Ok, so my  point of this post is to share some hard facts on breastfeeding versus formula feeding.  I got this fact sheet when I took a breastfeeding class before Mary Abilene was born.  The following are highlights from the sheet, because the whole thing won't fit on my blog...

Aside from the cost of formula itself, which is typically $1500-$2000 per year, not breastfeeding is costing a lot in health care. In an article by Hoey and Ware (1997) they stated the total annual cost of not breastfeeding was $1.186 to $1.301 BILLION in health care expenses.

Breastfeeding contains 100,000 living cells in every teaspoon, while formula is dead and has none. Formula also only contains some of the nutritional ingredients and none of the antibodies or immunity.
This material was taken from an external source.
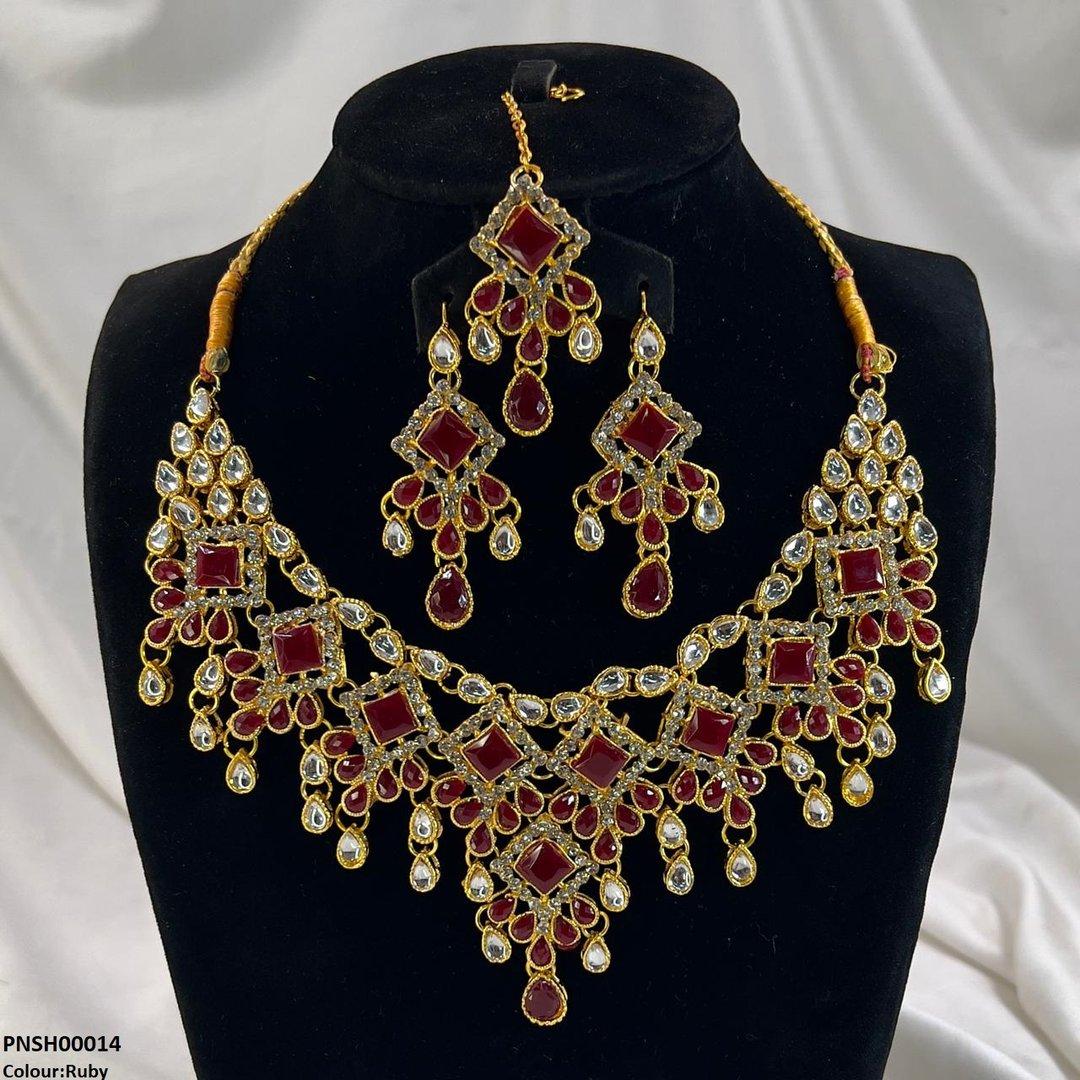 SH00014 FRN Sqyare/Tear Drop Necklace Set - PNSH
I didn't know until just recently that almost all formula contains high fructose corn syrup! Sometimes it is even the first ingredient!!

So, the long and short of it is that Breast really is Best. I understand people do have problems breastfeeding. It is important to find a lactation consultant as soon as possible! And stick with it if at all possible. Even if you have to supplement. It is so worth it. I wouldn't give up breastfeeding for anything in the world.